Basically we had everything we needed. well at the time we lived in eastern Ky, its very shaded there but we had the pond setup temporarly under a patio/deck because of my dog (he loves fish and always tried to get into the pond) but anyway we bought some stuff to clean the water and make it safe kinda like you would do for a regular fish tank, we put that in as directed and then we put in some alge killer/destroyer which worked pretty well. about a week or so went by we put two gold fish in it. they lived for 10 months or more and we finally moved to Ohio and these fish died just before we moved. really flat no trees = no shade here in ohio. well we put the pond up (actually down we dug it into the ground this time so it would look better plus the dog cant get near it now lol) and ran it for about 48-72 hours and we introduced our first fish, two gold fish and a blue channel cat fish. all was well. 

about a week later we introduced two fancy tailed / fan tailed goldfish into the pond. once again all was well. another week went by and the pond was staying clear the fish seemed happy we went out and bought a yellow Koi and put in. and then about 3 days later we put in 5 of the feeder goldfish we put the other two in our fish tank inside with our other fish (which are still alive) 

3-4 days go by and 1 by 1 our fish are dieing. 

The pond is in direct sun it sees this sun for pretty much all day long. and its been about 84-97 or so Id say during this time.. well I dunno what really happended.

about 2 days before they all started dieing I had noticed the water a little dirty (we had been planting flowers and such around and got dirt in the pond and just I guess it was just dirty anyway) but I used no cleaners just drained the pond then wiped it all down with a couple paper towels and stuff just to get the grime off the sides. well then they all died?

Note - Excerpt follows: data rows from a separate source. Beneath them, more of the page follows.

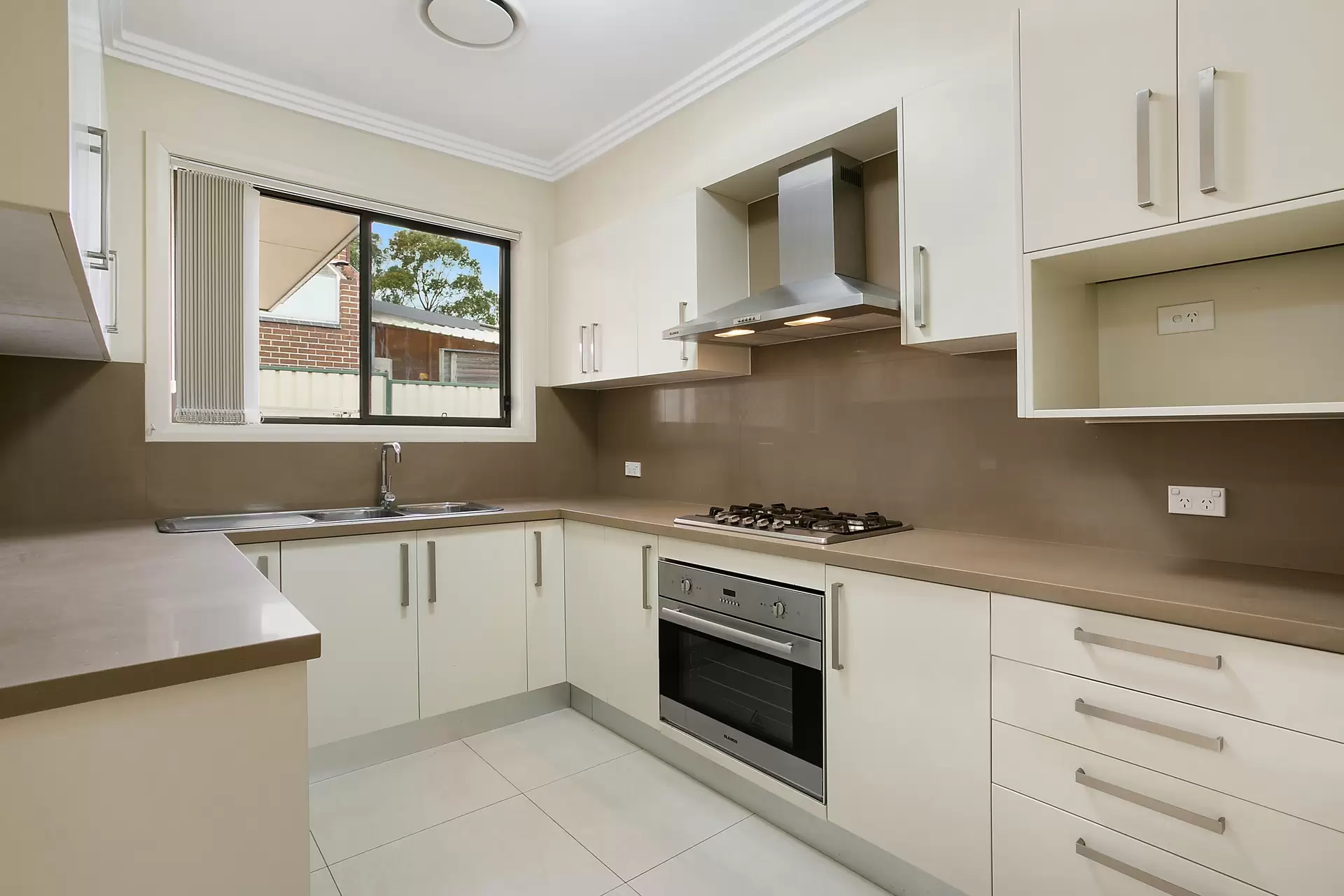 4/117 Brunker Road, Yagoona Sold by Richard Matthews Real Estate - image 3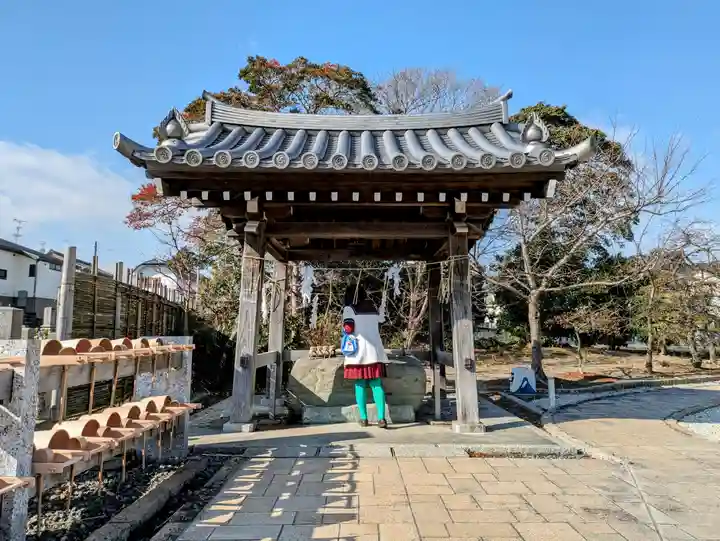西本徳寺の手水舎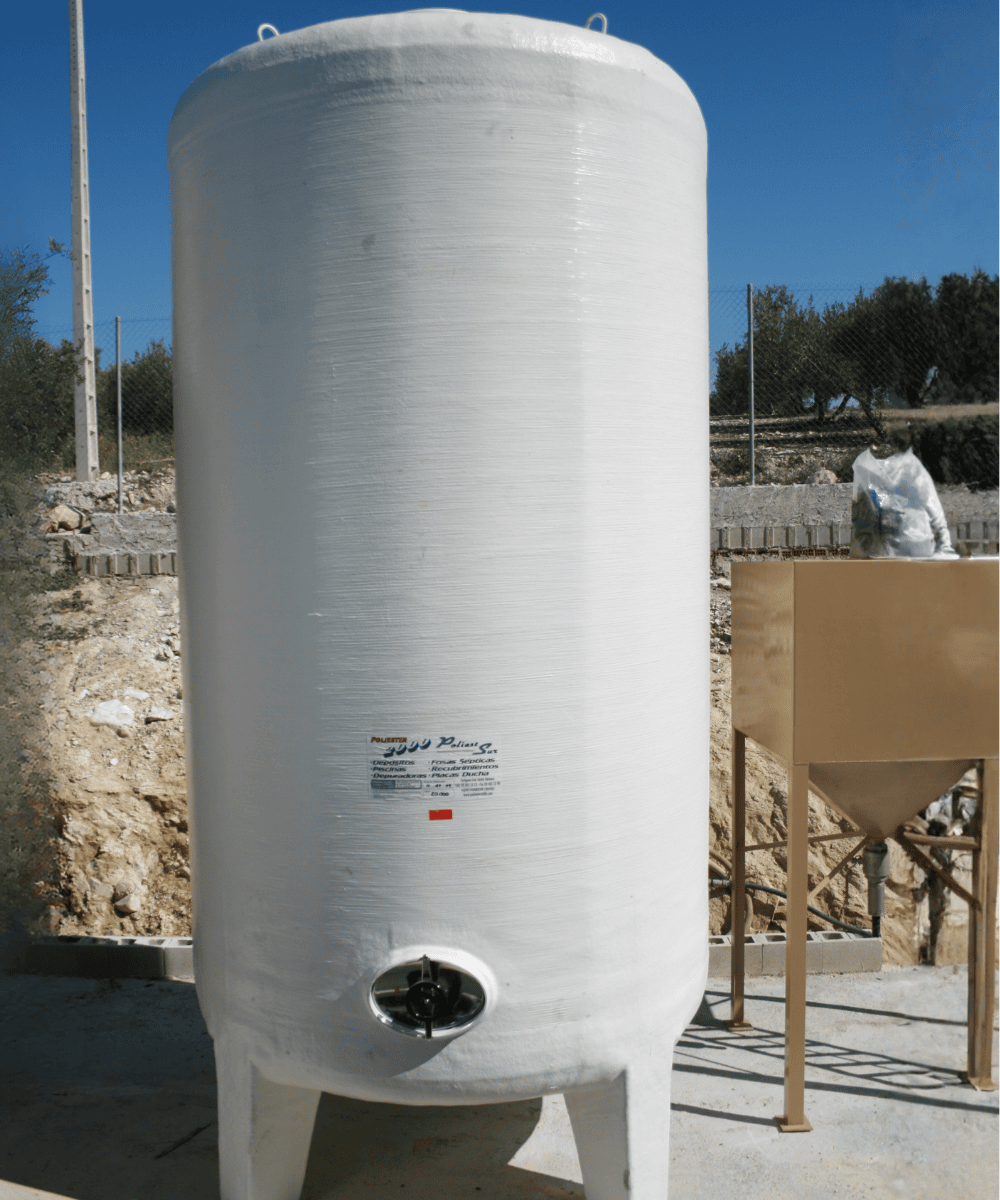 Depósito vertical de fondo curvo con patas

I dont know if it was a combination of the heat/sun that killed them or what but Id like to put more fish in it, I was recently reading online and found that Koi would get to big for the pond we have. but im shocked I dunno what I did wrong? I didnt add no water cleaners to it like stuff to set up the water and make it safe. that might have been 1 mistake but the other thing I was thinking might have done it was the heat? but they were alive for a long time but it started getting hot and then they all started turning up dead. maybe they neighbors killed them I dunno? 

any help and advice is wanted/needed. Id love to put more fish in it. but I just dont want them to all die out. I can get pictures if needed. 

right now we just put some chlorine in it to keep the water clean. But when I get everything worked out I would like to put fish back in so what would be a good way to do this.

I mainly wanna know what im doing wrong and how I can fix it and what I should probably do to fix this? 


Nice site BTW!!!


----------



## Christine (Nov 4, 2005)

If you have chlorine in the water where you live it will dissipate over time (I think most people still use remover). If you have chloramine in the water where you live it will not dissipate and you *must* use a remover (it must be capable of removing chloramines preferrably ammonia as well.. some removers only remove chlorine). That was likely mistake #1.

Mistake #2 Too many fish that get too large being introduced too fast to the pond. I strongly urge you to read this thread  on the nitrogen cycle. Tho it is geared for an aquarium, the cycle still applies to ponds. Goldfish have a reputation for producing very large amounts of ammonia.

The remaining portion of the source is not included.